At some point, I will have to turn and face the fear instead of fleeing it. I will have to let the anxiety catch up to me and endure it no matter how fierce or long a storm it is.

But what then? That’s the real question. If I get over all that fear, I will be left trying to actually figure out what to do with myself again, which scares the willies out of me.

I know I can’t “solve” a problem that big. Too many variables. Ergo I cannot “figure out” what I should do with myself.

That leaves what I want to do.

And that’s no solution because I want to do a lot of things. So which one?

There has to be some way to choose a path that comes from deep within me and that feels intuitively “right”, or at least right enough for right now.

I guess I am trying to avoid being hurt.

But there are worse things than getting hurt.

Like rotting on the vine, and getting hurt THAT way.

Life hurts. Get used to it.

More after the break.


Fading into night

Had a bit of temporal confusion earlier.

Woke up from a nap, looked at the clock. 5:57 pm. OK, cool.

So I get up and take a eat at Miter Computer, and then the alarm goes off on my tablet.

WTF? Why would I set an alarm for 6 pm?

Pick up the tablet, turn off the alarm, look at the time again. 8 pm. Not 6.

Dunno how I misread 7:57 pm as 5:57 pm. But I just lost two hours., Jarring.

One thing that strikes me about the latest version of the narrative of my early childhood is that at no point did I feel like I could just ask for my needs to be met.

I was too timid for that. Besides, through their actions and attitude, my family made it clear that they were barely tolerating me as is. That’s why in my attempts to be “good”, I tried to exist as little as possible.

TO be undemanding and low maintenance and agreeable. I was alway eager to do whatever was asked of me.

But not a lot was asked of me.

Not directly, anyhow. I was just informed of things,. Like that I would be doing my own laundry and my own clothing shopping and getting myself to and from school every day entirely on my own and getting very good grades all by myself.

In many ways, I raised myself. If it wasn’t for Mom cooking supper every night, I would have had very little involvement with her at all.

What keeps running through my mind is : didn’t anyone notice how much I had changed? How I became a radically less confident and happy kid at one point (the rape) and how I just got sadder and sadder over the years?

But people don’t notice what they don’t want to notice. They wanted to pretend I didn’t exist and I did everything I could to assist them in that.

I was telling Doc Costin today that I don’t think my parents ever forgave me for being born. For coming along in the first place.

They never planned on having a fourth kid and I admittedly defied my mother’s tubal ligation to be conceived, so to say I was a surprise is a vast understatement.

An unwelcome one, at that. My existence was resented when I was still in the womb. And I’ve realized that I was never considered an equal to my siblings.

I was always an “extra” expense. MY parents have actually said, in my presence, that they were “already busy raising three kids” when I came along.

So I was left to my own devices most of the time.
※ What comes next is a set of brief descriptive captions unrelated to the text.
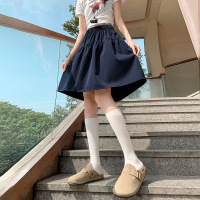 日系半身裙子女夏季薄新款小个子a字短裙中长款五分显瘦伞裙_57 S-（建议80-95斤） 藏青色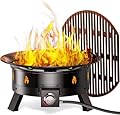 Amada Propane Fire Pit 24 Inch, Portable Gas Fire Pit with Grill Grate, Folding Legs, Propane Tank Holder, Cover & Carry Kit for Outdoor, Camping, Patio, 58,000 BTU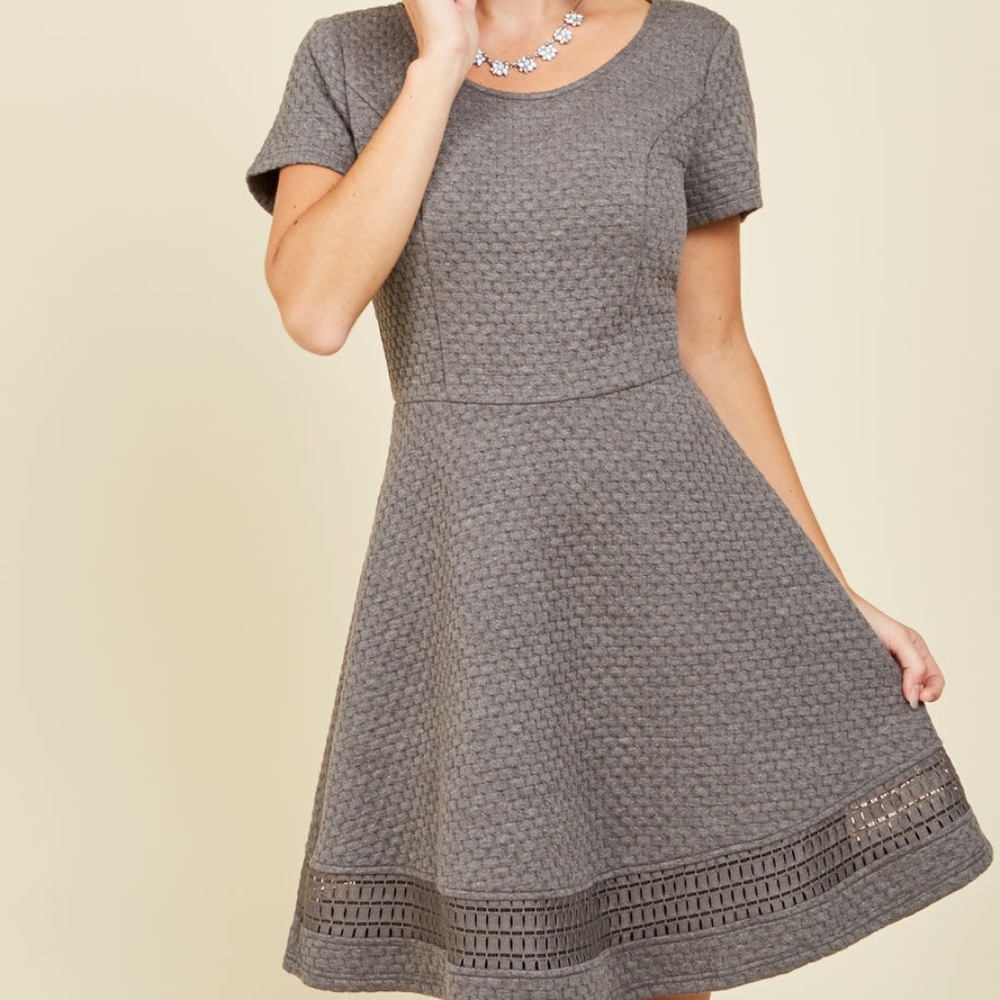 Modcloth Al Fresco Event Dress in Grey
It was just expected that I would fit myself in wherever I could. Certainly nobody was going to make room for me.

And it was doubly certain that nobody was going to give up part of their current share of the parental love, attention, and so on so that I got an equal slice.

So I survived on whatever crumbs fell from their metaphorical table. And I was grateful for that. Grateful that I ever got anything.

Because it was clearl that I deserved absolutely and literally nothing.

I didn’t even deserve to be alive.

I will talk to you nice people again tomorrow.